SOURCE INFORMATION START

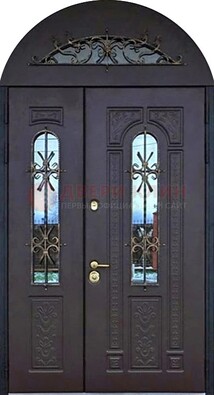 Железная дверь в цвете Итальянский орех с виноритом и темной МДФ ДВТ-157 в Мурино
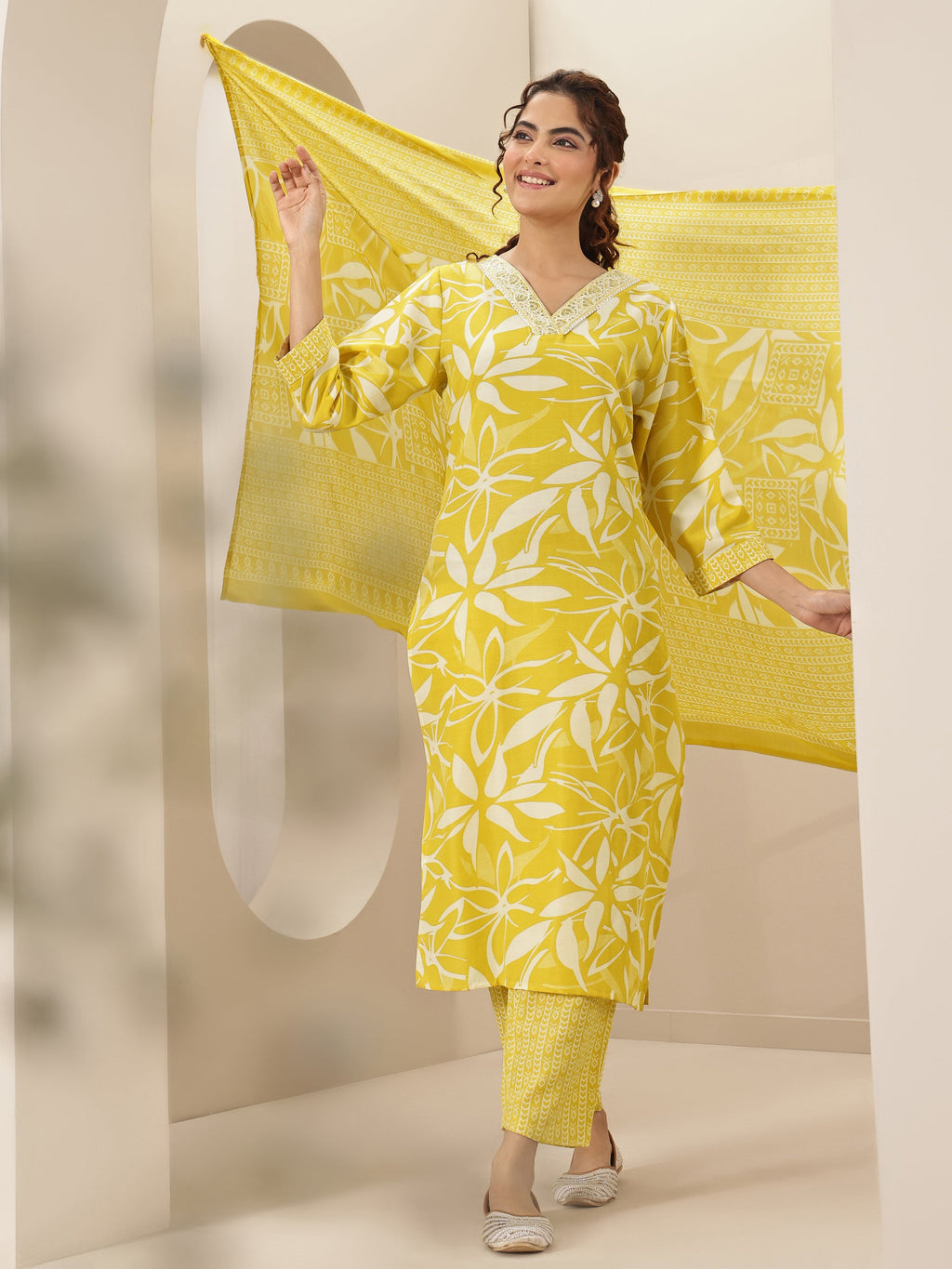 Libas Yellow Printed Cotton Blend Straight Suit Sets With Dupatta
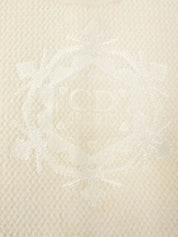 Logo Embroidered Long Sleeve Knit Sweater in Ivory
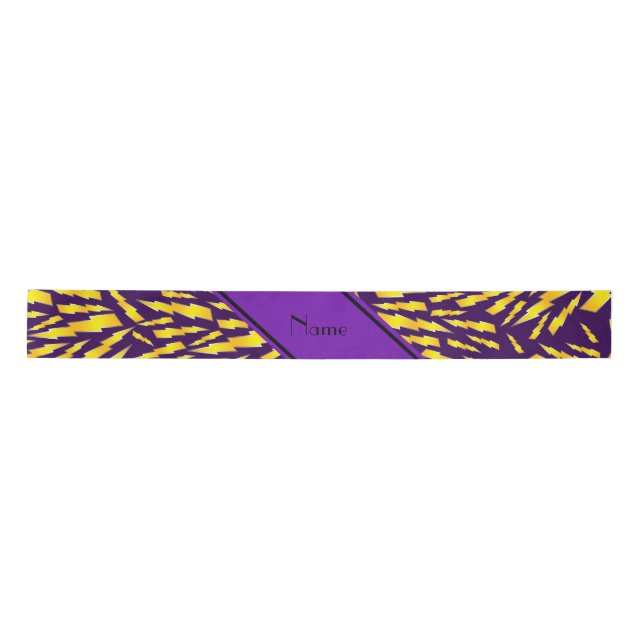 Personalised name purple lightning bolts satin ribbon (Front)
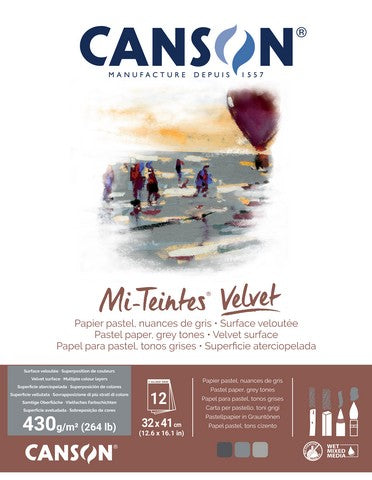 Packaging for Canson Mi-Teintes Velvet Pads with an illustration of a hot air balloon and a cityscape in the background, indicating the product is for pastel artists.
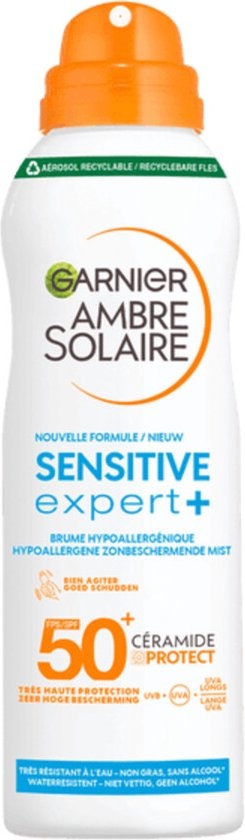 Garnier Ambre Solaire Sensitive Expert+ Schutznebelspray LSF 50+ 150 ml – Verpackung beschädigt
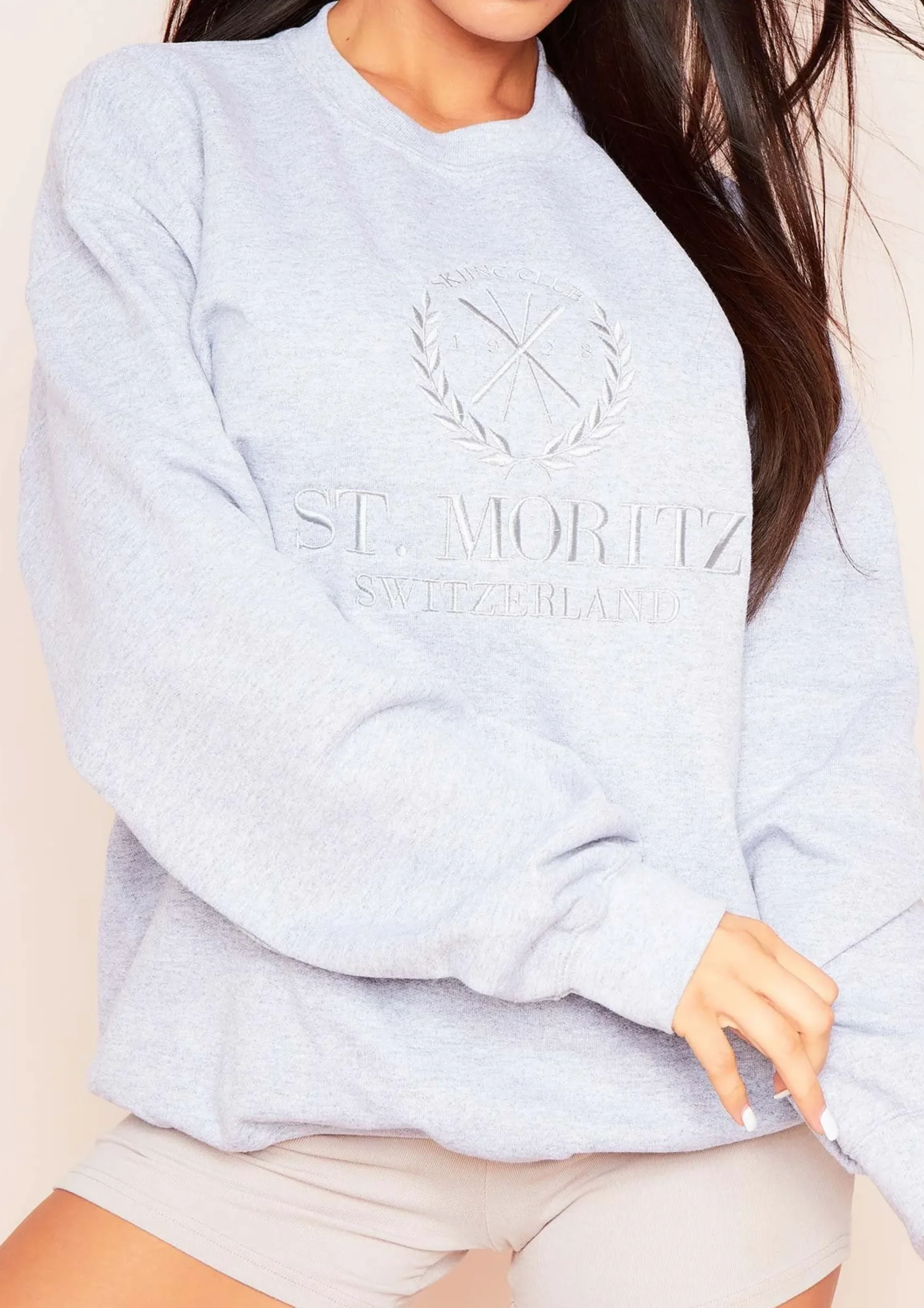 Halyn Grey St. Moritz Slogan Oversized Sweatshirt^Missy Empire Online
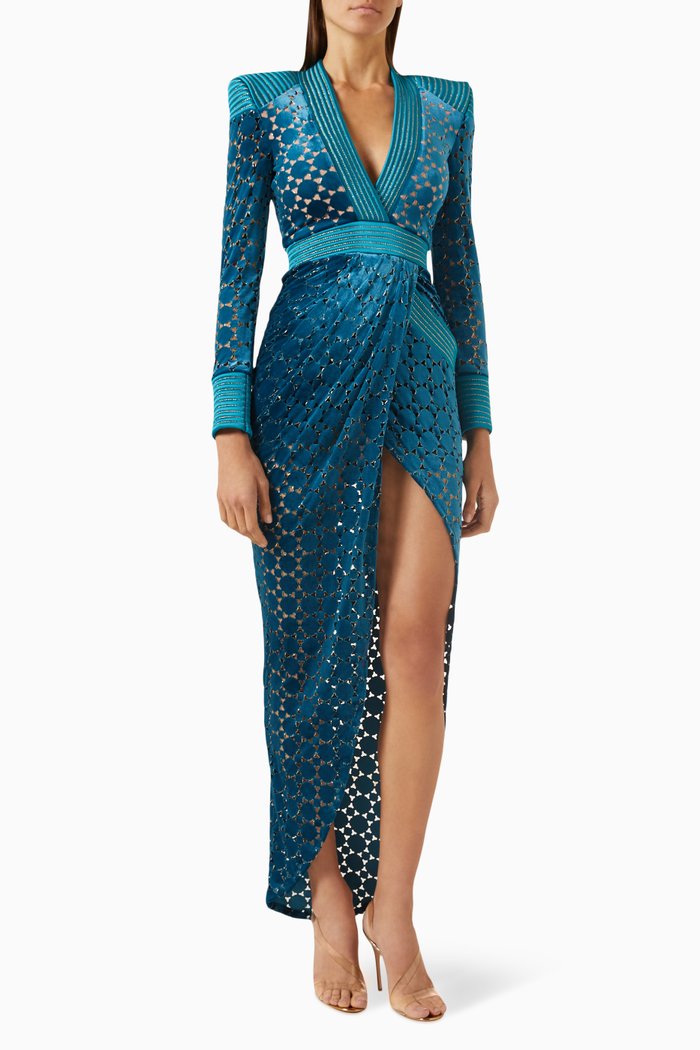 Shadow Lounge Gown in Velvet, Blue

SOURCE INFORMATION END

Beginning with the line that contains "Garnier Ambre Solaire" and ending with the last line of the data above, output those lines exactly and nothing more, without any pictures.

 Garnier Ambre Solaire Sensitive Expert+ Schutznebelspray LSF 50+ 150 ml – Verpackung beschädigt
 Halyn Grey St. Moritz Slogan Oversized Sweatshirt^Missy Empire Online
 Shadow Lounge Gown in Velvet, Blue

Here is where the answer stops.